Instructions for the task: Would you retype, word for word, only the lines from the one holding "Ekouaer Women's Pajamas" through the final line of the entries below, without the pictures?
[[ Record extracts open ]]
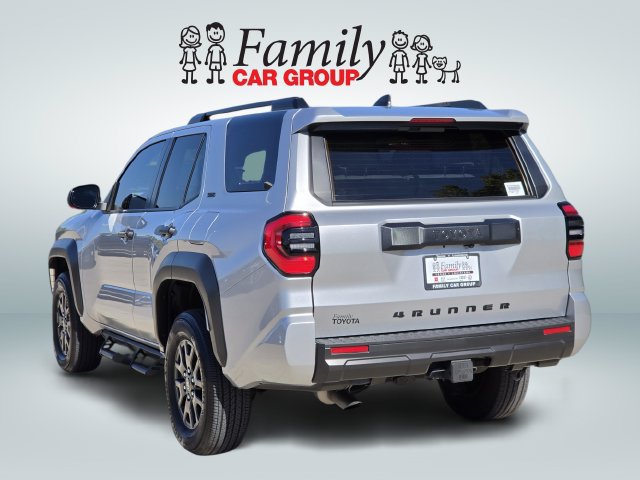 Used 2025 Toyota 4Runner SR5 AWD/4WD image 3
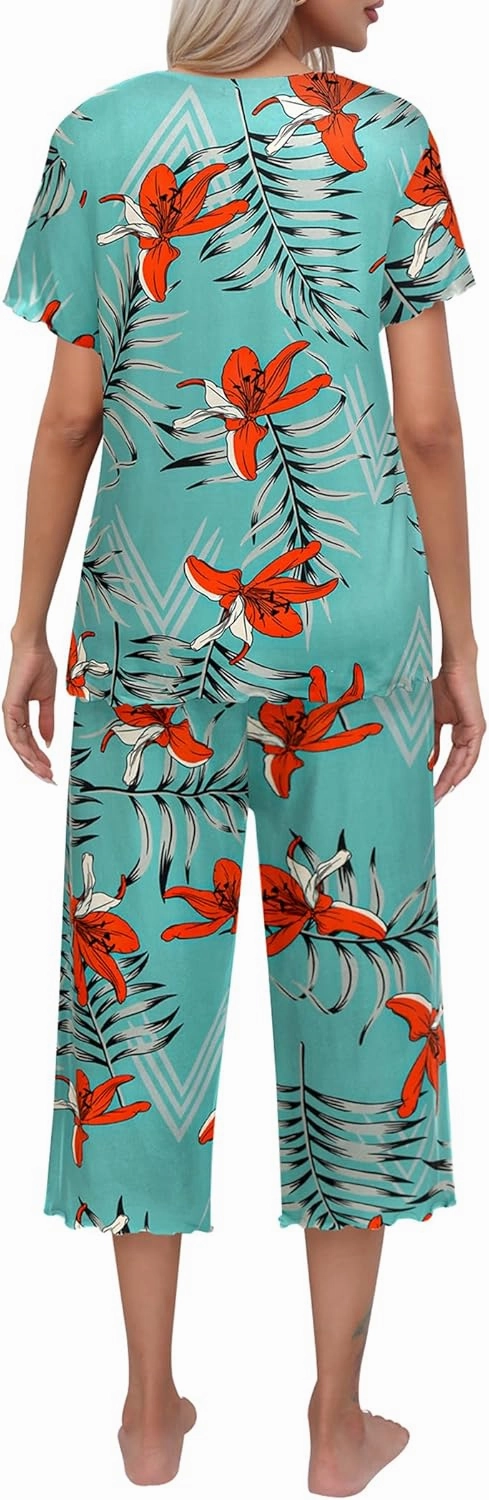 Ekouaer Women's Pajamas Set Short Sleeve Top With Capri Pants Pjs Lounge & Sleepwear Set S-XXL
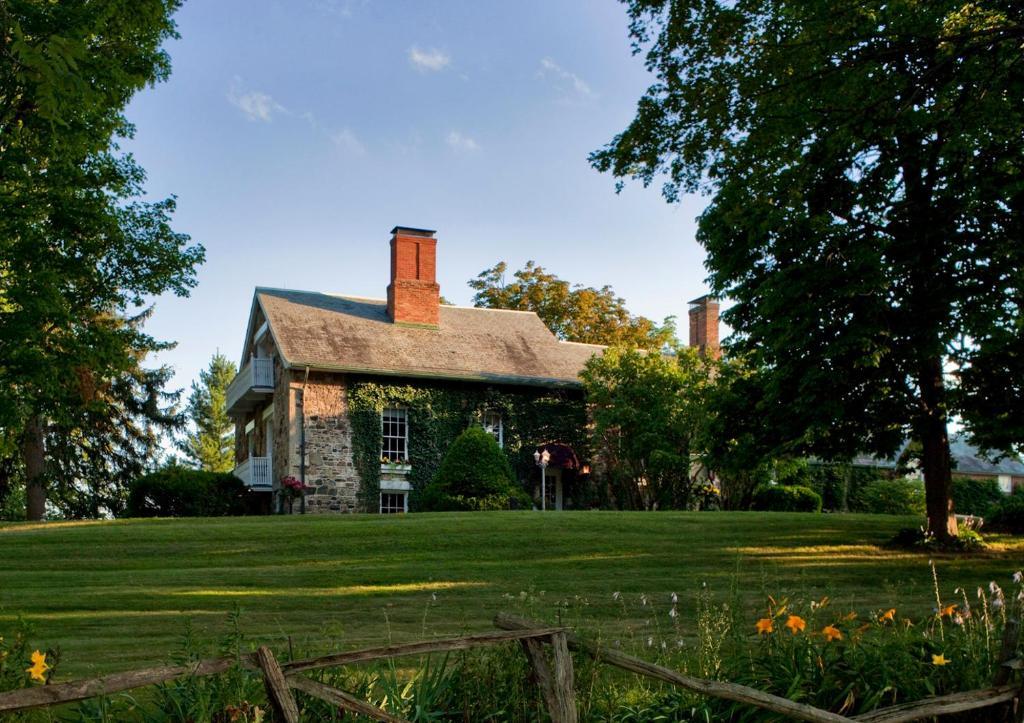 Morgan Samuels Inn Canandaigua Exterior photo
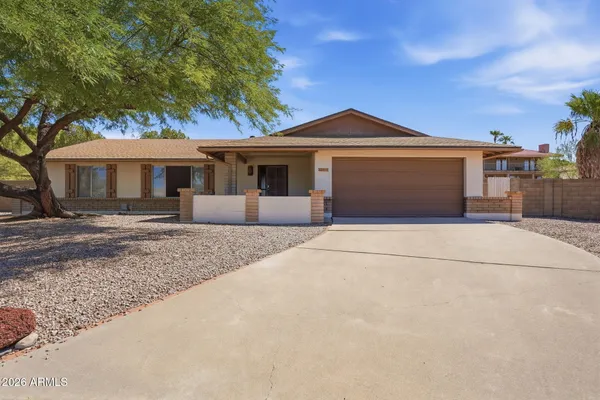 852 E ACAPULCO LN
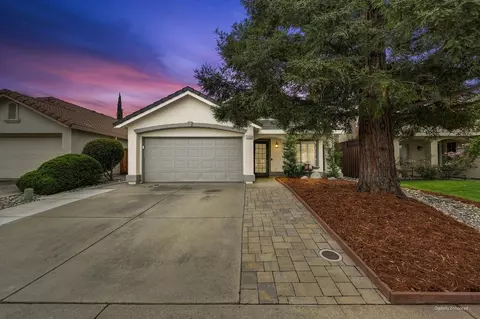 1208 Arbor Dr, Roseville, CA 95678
[[ Record extracts closed ]]
Exercise response:
 Ekouaer Women's Pajamas Set Short Sleeve Top With Capri Pants Pjs Lounge & Sleepwear Set S-XXL
 Morgan Samuels Inn Canandaigua Exterior photo
 852 E ACAPULCO LN
 1208 Arbor Dr, Roseville, CA 95678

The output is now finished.